Prompt
Start at the line in the entries below that contains "Love Crossed logo", stop at the line that contains "Termite Treatment Luray, SC FAQs", and output exactly the lines in that span, both ends included.

Provided material: Begin

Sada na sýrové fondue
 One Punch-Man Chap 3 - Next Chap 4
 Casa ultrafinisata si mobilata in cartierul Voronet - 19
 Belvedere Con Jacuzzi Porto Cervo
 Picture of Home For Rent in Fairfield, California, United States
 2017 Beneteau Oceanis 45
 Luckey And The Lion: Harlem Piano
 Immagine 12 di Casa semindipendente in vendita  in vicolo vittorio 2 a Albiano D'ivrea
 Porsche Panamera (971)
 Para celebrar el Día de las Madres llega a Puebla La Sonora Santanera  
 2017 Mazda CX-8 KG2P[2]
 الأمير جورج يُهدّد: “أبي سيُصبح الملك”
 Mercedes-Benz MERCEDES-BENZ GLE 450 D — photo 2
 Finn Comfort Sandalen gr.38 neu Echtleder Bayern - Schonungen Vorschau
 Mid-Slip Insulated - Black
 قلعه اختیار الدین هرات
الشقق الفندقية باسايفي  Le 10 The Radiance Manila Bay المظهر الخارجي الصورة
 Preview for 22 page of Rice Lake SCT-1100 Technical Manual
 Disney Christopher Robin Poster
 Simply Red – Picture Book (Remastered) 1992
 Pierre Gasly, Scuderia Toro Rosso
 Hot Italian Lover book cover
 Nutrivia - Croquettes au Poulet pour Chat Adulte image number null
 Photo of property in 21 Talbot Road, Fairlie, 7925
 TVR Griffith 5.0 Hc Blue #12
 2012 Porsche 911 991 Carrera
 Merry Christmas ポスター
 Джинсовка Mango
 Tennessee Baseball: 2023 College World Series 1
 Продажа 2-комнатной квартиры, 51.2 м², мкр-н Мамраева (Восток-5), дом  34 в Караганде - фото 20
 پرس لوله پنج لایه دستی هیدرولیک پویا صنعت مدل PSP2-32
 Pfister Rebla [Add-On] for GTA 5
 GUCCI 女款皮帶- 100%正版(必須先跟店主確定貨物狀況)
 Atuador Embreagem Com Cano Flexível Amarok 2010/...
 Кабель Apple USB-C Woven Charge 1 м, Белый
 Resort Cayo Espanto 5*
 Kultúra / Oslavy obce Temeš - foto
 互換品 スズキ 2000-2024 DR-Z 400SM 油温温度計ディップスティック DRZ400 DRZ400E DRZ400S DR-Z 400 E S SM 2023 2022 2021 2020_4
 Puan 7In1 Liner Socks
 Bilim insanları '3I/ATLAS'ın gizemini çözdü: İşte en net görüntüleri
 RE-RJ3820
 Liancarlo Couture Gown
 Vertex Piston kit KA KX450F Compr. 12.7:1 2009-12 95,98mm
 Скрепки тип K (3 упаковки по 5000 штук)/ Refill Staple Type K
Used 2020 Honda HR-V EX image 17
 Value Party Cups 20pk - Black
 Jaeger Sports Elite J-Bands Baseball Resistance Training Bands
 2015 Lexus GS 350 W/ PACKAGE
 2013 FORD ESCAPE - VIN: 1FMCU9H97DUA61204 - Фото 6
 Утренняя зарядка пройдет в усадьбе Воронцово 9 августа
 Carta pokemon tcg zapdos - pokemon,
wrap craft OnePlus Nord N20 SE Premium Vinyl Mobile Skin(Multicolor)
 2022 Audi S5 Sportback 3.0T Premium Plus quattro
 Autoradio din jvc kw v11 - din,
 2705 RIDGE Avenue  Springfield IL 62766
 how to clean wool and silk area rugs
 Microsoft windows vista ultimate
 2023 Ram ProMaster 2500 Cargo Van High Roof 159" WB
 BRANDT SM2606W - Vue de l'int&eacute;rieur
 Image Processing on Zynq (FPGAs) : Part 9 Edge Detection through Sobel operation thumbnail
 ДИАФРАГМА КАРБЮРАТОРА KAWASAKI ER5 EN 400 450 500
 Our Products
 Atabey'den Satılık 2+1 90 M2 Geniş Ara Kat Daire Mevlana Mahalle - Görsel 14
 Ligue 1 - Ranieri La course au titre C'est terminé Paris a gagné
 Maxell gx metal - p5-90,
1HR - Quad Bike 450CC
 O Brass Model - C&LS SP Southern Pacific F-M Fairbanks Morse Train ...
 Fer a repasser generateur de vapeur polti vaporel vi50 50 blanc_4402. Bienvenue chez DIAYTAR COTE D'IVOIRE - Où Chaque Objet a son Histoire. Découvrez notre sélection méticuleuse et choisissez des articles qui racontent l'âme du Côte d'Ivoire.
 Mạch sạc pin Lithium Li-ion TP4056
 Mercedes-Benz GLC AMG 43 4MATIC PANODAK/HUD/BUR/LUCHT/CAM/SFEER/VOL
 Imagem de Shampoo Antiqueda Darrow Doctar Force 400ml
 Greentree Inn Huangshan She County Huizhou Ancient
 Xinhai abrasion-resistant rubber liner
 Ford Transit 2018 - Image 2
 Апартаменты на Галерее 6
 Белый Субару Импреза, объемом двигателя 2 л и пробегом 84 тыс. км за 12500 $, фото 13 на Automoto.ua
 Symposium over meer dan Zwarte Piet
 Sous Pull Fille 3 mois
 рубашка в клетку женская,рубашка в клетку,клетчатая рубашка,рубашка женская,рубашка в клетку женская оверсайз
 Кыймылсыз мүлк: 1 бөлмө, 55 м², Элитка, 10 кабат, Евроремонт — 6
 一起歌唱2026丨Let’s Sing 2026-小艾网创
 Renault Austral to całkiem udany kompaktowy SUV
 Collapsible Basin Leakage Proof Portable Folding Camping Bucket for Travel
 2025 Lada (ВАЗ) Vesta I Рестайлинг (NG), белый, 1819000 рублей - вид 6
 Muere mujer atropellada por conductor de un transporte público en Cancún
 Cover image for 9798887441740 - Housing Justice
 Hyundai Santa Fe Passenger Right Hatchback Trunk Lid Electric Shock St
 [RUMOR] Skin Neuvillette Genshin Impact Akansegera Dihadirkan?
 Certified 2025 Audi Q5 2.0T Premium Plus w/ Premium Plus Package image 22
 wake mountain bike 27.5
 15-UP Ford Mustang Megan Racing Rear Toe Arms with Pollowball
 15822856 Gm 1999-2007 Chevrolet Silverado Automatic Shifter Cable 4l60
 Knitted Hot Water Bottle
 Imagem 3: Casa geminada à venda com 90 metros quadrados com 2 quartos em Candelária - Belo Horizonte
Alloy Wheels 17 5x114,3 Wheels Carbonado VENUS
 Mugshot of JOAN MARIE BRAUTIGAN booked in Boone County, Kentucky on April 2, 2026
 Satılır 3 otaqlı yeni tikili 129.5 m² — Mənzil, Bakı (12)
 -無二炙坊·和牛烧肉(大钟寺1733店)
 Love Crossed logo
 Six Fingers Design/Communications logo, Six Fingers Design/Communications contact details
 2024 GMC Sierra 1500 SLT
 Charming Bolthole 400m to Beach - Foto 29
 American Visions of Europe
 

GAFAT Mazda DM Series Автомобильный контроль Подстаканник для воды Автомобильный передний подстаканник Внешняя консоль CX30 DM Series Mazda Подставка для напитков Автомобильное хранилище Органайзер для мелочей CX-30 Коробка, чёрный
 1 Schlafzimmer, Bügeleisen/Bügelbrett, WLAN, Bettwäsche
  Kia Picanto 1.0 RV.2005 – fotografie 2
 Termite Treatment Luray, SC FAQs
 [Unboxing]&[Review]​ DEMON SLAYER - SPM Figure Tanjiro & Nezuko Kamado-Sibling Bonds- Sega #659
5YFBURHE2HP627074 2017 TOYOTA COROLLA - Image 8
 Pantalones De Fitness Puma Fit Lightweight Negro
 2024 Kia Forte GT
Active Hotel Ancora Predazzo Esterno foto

Provided material: End

Answer box
 Love Crossed logo
 Six Fingers Design/Communications logo, Six Fingers Design/Communications contact details
 2024 GMC Sierra 1500 SLT
 Charming Bolthole 400m to Beach - Foto 29
 American Visions of Europe
 

GAFAT Mazda DM Series Автомобильный контроль Подстаканник для воды Автомобильный передний подстаканник Внешняя консоль CX30 DM Series Mazda Подставка для напитков Автомобильное хранилище Органайзер для мелочей CX-30 Коробка, чёрный
 1 Schlafzimmer, Bügeleisen/Bügelbrett, WLAN, Bettwäsche
  Kia Picanto 1.0 RV.2005 – fotografie 2
 Termite Treatment Luray, SC FAQs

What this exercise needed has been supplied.